Une protéine du rythme circadien appelée PER est produite à la fois dans les neurones maîtres et esclaves des mouches des fruits et est dégradée à des rythmes différents selon l’heure de la journée. L’équipe avait déjà constaté que les neurones de l’horloge maîtresse (sLNvs) et les neurones de l’horloge esclave (DN1ps) de la drosophile de type sauvage et des mutants Clk-Δ présentaient des profils PER différents. Cela suggère qu’il pourrait y avoir une différence dans les mécanismes de l’horloge moléculaire entre les neurones de l’horloge maîtresse et les neurones de l’horloge esclave.
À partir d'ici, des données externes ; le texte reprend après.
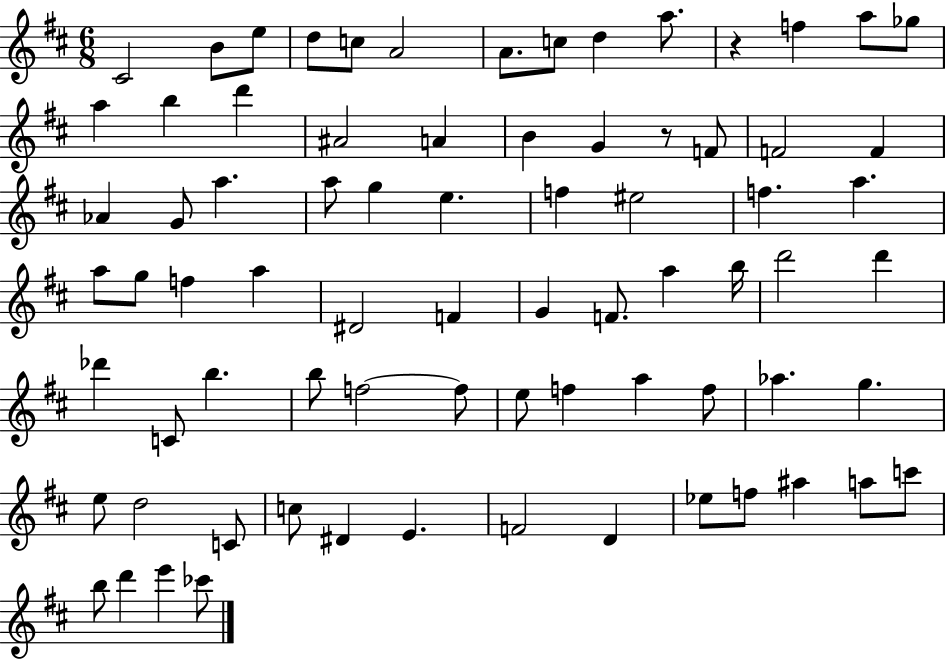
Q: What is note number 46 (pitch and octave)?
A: Db6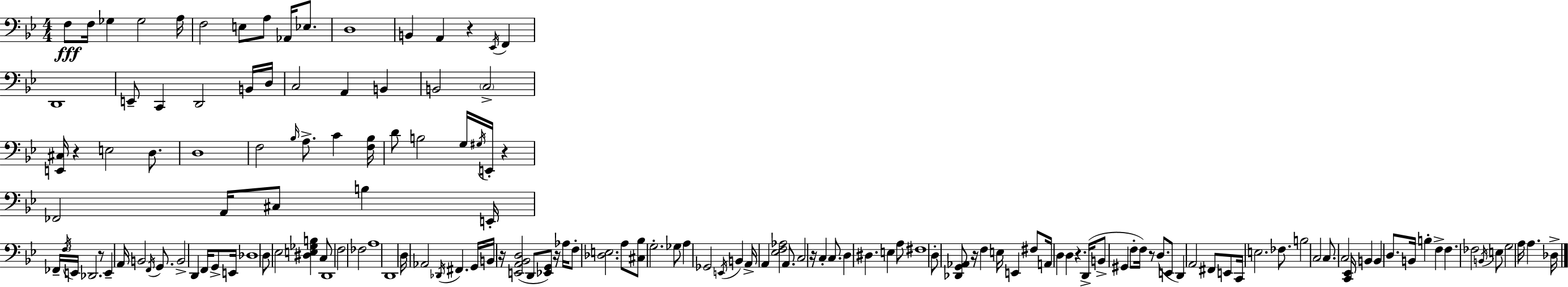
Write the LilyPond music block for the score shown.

{
  \clef bass
  \numericTimeSignature
  \time 4/4
  \key g \minor
  f8\fff f16 ges4 ges2 a16 | f2 e8 a8 aes,16 ees8. | d1 | b,4 a,4 r4 \acciaccatura { ees,16 } f,4 | \break d,1 | e,8-- c,4 d,2 b,16 | d16 c2 a,4 b,4 | b,2 \parenthesize c2-> | \break <e, cis>16 r4 e2 d8. | d1 | f2 \grace { bes16 } a8.-> c'4 | <f bes>16 d'8 b2 g16 \acciaccatura { gis16 } e,16-. r4 | \break fes,2 a,16 cis8 b4 | e,16-. \tuplet 3/2 { fes,16-- \acciaccatura { f16 } e,16 } des,2. | r8 e,4-- a,16 b,2 | \acciaccatura { f,16 } g,8. b,2-> d,4 | \break f,16 g,8-> e,16 des1 | d8 ees2 <dis e ges b>4 | c8 d,1 | f2 fes2 | \break a1 | d,1 | d16 aes,2 \acciaccatura { des,16 } fis,4. | g,16 b,16 r16 <e, a, bes, d>2( | \break d,8 <ees, g,>8) r16 aes16 f8-. <des e>2. | a8 <cis bes>8 g2.-. | ges8 a4 ges,2 | \acciaccatura { e,16 } b,4 a,16-> a,4 <ees f aes>2 | \break a,8. c2 r16 | c4-. c8. d4 dis4. | e4 a8 fis1 | d8-. <des, g, aes,>8 r16 f4 | \break e16 e,4 fis8 a,16 d4 d4 | r4. d,16->( b,8-> gis,4 f8-. f16) | r8 d8.( e,8 d,4) a,2 | fis,8 e,8 c,16 e2. | \break fes8. b2 c2 | c8. c2 | <c, ees,>16 b,4 b,4 d8. b,16 b4-. | f4-> f4. fes2 | \break \acciaccatura { b,16 } e8 g2 | a16 a4. des16-> \bar "|."
}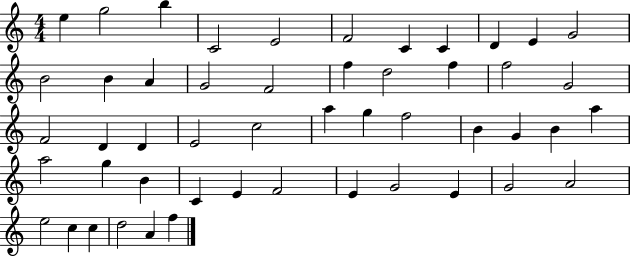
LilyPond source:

{
  \clef treble
  \numericTimeSignature
  \time 4/4
  \key c \major
  e''4 g''2 b''4 | c'2 e'2 | f'2 c'4 c'4 | d'4 e'4 g'2 | \break b'2 b'4 a'4 | g'2 f'2 | f''4 d''2 f''4 | f''2 g'2 | \break f'2 d'4 d'4 | e'2 c''2 | a''4 g''4 f''2 | b'4 g'4 b'4 a''4 | \break a''2 g''4 b'4 | c'4 e'4 f'2 | e'4 g'2 e'4 | g'2 a'2 | \break e''2 c''4 c''4 | d''2 a'4 f''4 | \bar "|."
}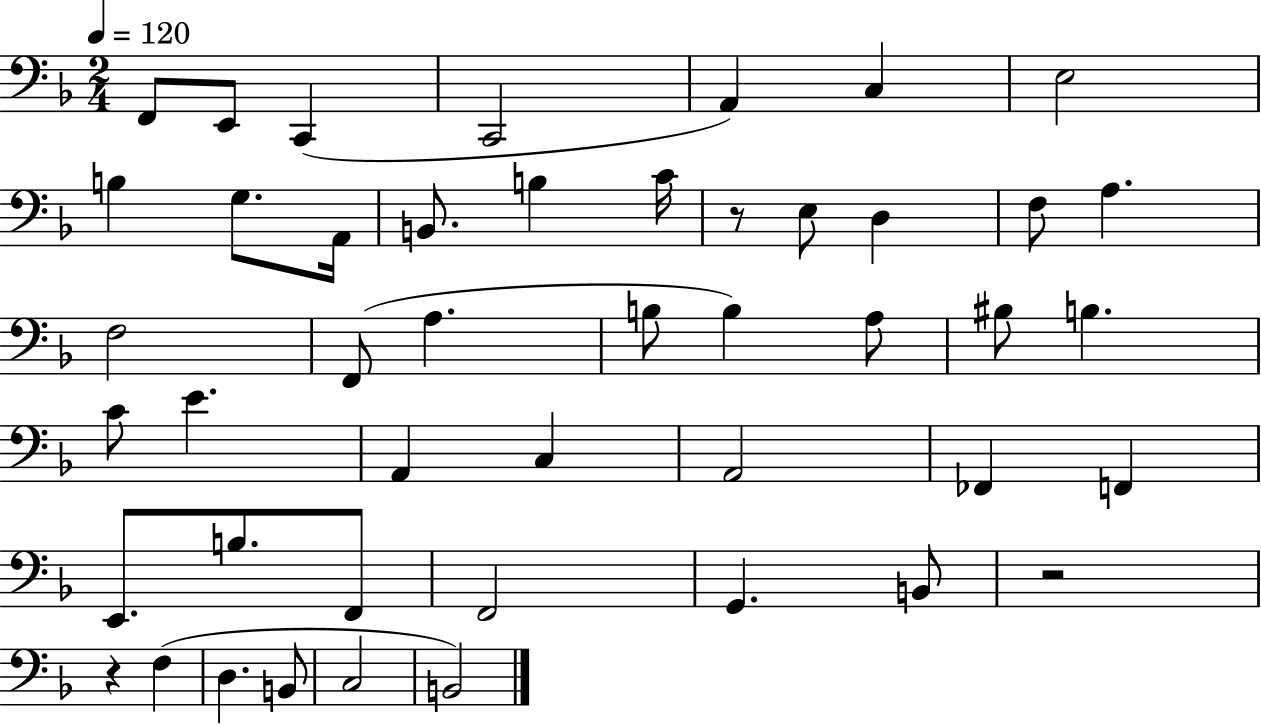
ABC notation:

X:1
T:Untitled
M:2/4
L:1/4
K:F
F,,/2 E,,/2 C,, C,,2 A,, C, E,2 B, G,/2 A,,/4 B,,/2 B, C/4 z/2 E,/2 D, F,/2 A, F,2 F,,/2 A, B,/2 B, A,/2 ^B,/2 B, C/2 E A,, C, A,,2 _F,, F,, E,,/2 B,/2 F,,/2 F,,2 G,, B,,/2 z2 z F, D, B,,/2 C,2 B,,2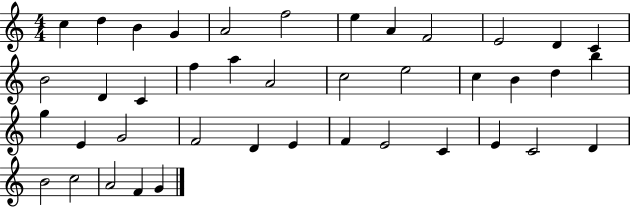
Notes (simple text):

C5/q D5/q B4/q G4/q A4/h F5/h E5/q A4/q F4/h E4/h D4/q C4/q B4/h D4/q C4/q F5/q A5/q A4/h C5/h E5/h C5/q B4/q D5/q B5/q G5/q E4/q G4/h F4/h D4/q E4/q F4/q E4/h C4/q E4/q C4/h D4/q B4/h C5/h A4/h F4/q G4/q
Cependant, en raison de la complexité de l’horloge moléculaire, il était difficile d’identifier la cause de ces différences. L’équipe a donc mis au point un modèle mathématique décrivant le mécanisme moléculaire des horloges maître et esclave. Toutes les différences moléculaires possibles entre les neurones de l’horloge maîtresse et ceux de l’horloge esclave ont ensuite été systématiquement étudiées à l’aide de simulations informatiques. Le modèle prédit que le PER est produit plus efficacement dans l’horloge maîtresse et dégradé plus rapidement que dans les neurones de l’horloge esclave. Cette prédiction a ensuite été confirmée par des expériences de suivi chez l’animal.
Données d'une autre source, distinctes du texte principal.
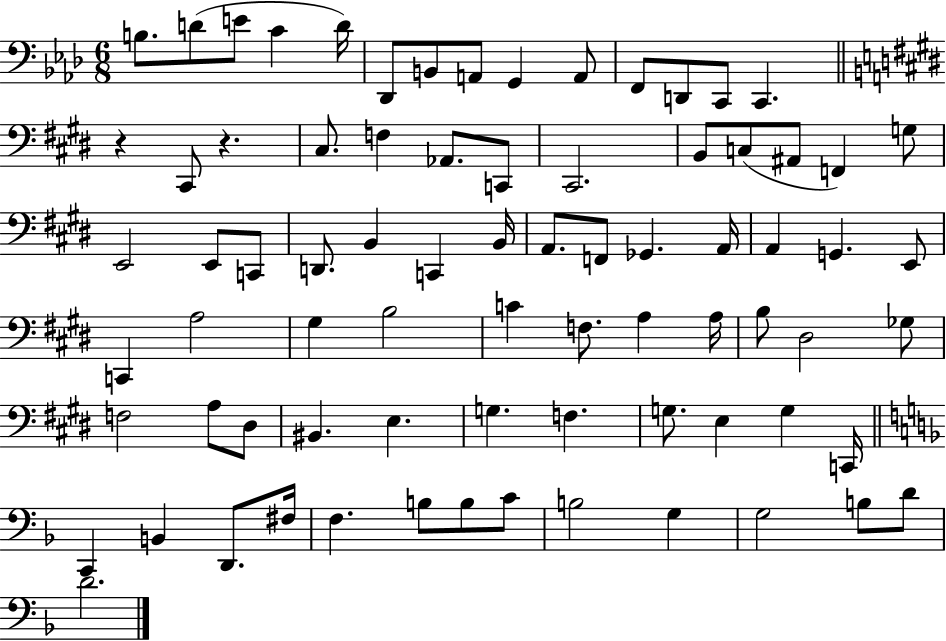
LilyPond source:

{
  \clef bass
  \numericTimeSignature
  \time 6/8
  \key aes \major
  b8. d'8( e'8 c'4 d'16) | des,8 b,8 a,8 g,4 a,8 | f,8 d,8 c,8 c,4. | \bar "||" \break \key e \major r4 cis,8 r4. | cis8. f4 aes,8. c,8 | cis,2. | b,8 c8( ais,8 f,4) g8 | \break e,2 e,8 c,8 | d,8. b,4 c,4 b,16 | a,8. f,8 ges,4. a,16 | a,4 g,4. e,8 | \break c,4 a2 | gis4 b2 | c'4 f8. a4 a16 | b8 dis2 ges8 | \break f2 a8 dis8 | bis,4. e4. | g4. f4. | g8. e4 g4 c,16 | \break \bar "||" \break \key f \major c,4 b,4 d,8. fis16 | f4. b8 b8 c'8 | b2 g4 | g2 b8 d'8 | \break d'2. | \bar "|."
}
Lorsque l’horloge circadienne perd sa robustesse et sa flexibilité, des troubles du sommeil circadien peuvent survenir
Pourquoi, alors, les neurones de l’horloge maîtresse ont-ils des propriétés moléculaires si différentes de celles des neurones de l’horloge esclave ? Pour répondre à cette question, l’équipe de recherche a de nouveau combiné des simulations de modèles mathématiques avec des expériences. Ils ont constaté que la synthèse plus rapide du PER dans les neurones de l’horloge maîtresse leur permet de générer des rythmes synchronisés de grande amplitude. La génération d’un rythme aussi fort et de grande amplitude est cruciale pour envoyer des signaux clairs aux neurones esclaves de l’horloge. Cependant, ces rythmes forts sont généralement défavorables lorsqu’il s’agit de s’adapter aux changements environnementaux. Il peut s’agir de causes naturelles, comme les différences d’heures de clarté entre l’été et l’hiver, ou de cas artificiels plus extrêmes, comme le décalage horaire après un voyage à l’étranger.
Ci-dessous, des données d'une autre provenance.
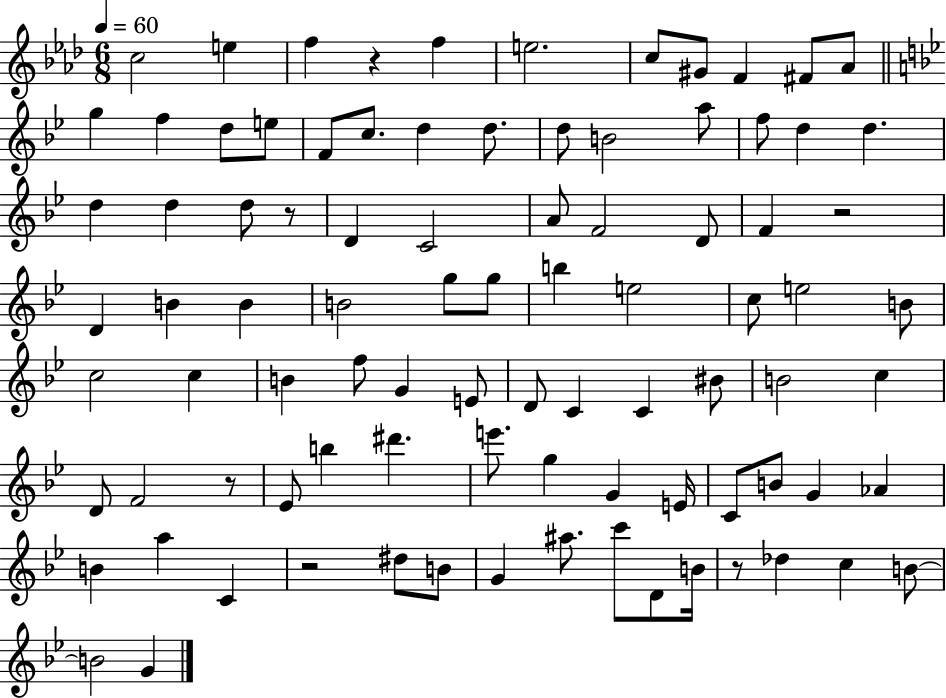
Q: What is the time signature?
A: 6/8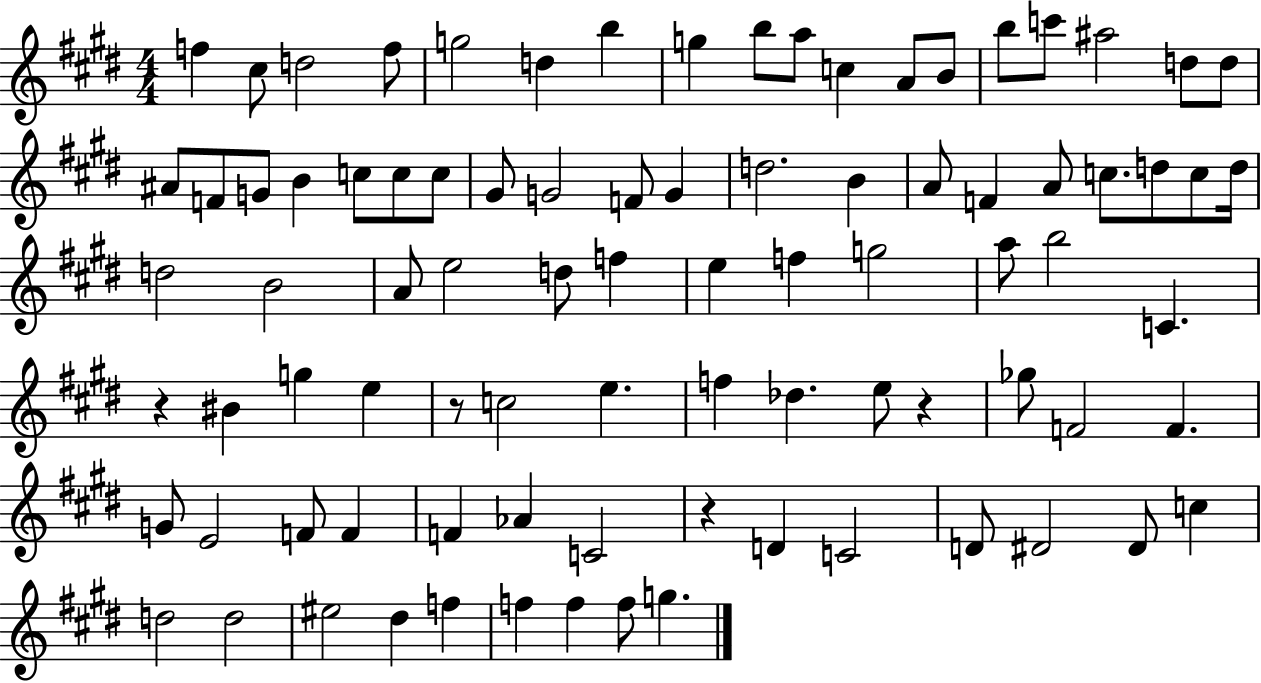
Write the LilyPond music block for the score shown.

{
  \clef treble
  \numericTimeSignature
  \time 4/4
  \key e \major
  \repeat volta 2 { f''4 cis''8 d''2 f''8 | g''2 d''4 b''4 | g''4 b''8 a''8 c''4 a'8 b'8 | b''8 c'''8 ais''2 d''8 d''8 | \break ais'8 f'8 g'8 b'4 c''8 c''8 c''8 | gis'8 g'2 f'8 g'4 | d''2. b'4 | a'8 f'4 a'8 c''8. d''8 c''8 d''16 | \break d''2 b'2 | a'8 e''2 d''8 f''4 | e''4 f''4 g''2 | a''8 b''2 c'4. | \break r4 bis'4 g''4 e''4 | r8 c''2 e''4. | f''4 des''4. e''8 r4 | ges''8 f'2 f'4. | \break g'8 e'2 f'8 f'4 | f'4 aes'4 c'2 | r4 d'4 c'2 | d'8 dis'2 dis'8 c''4 | \break d''2 d''2 | eis''2 dis''4 f''4 | f''4 f''4 f''8 g''4. | } \bar "|."
}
Grâce à leur propriété particulière, les neurones de l’horloge centrale peuvent subir une dispersion de phase lorsque le cycle normal lumière-obscurité est perturbé, ce qui entraîne une chute spectaculaire des niveaux de PER. Les neurones de l’horloge maîtresse peuvent alors s’adapter facilement au nouveau cycle quotidien. La plasticité de notre horloge maîtresse explique pourquoi nous pouvons nous adapter rapidement au nouveau fuseau horaire après un vol international, après une courte phase de décalage horaire. On espère que les résultats de cette étude auront à l’avenir des implications cliniques pour le traitement de divers troubles qui affectent notre rythme circadien. Le chercheur principal, Kim, explique : « Lorsque l’horloge circadienne perd sa robustesse et sa flexibilité, des troubles du sommeil circadien peuvent survenir. Comme cette étude identifie le mécanisme moléculaire qui génère la robustesse et la flexibilité de l’horloge circadienne, elle pourrait faciliter l’identification de la cause et de la stratégie de traitement des troubles du sommeil circadien ».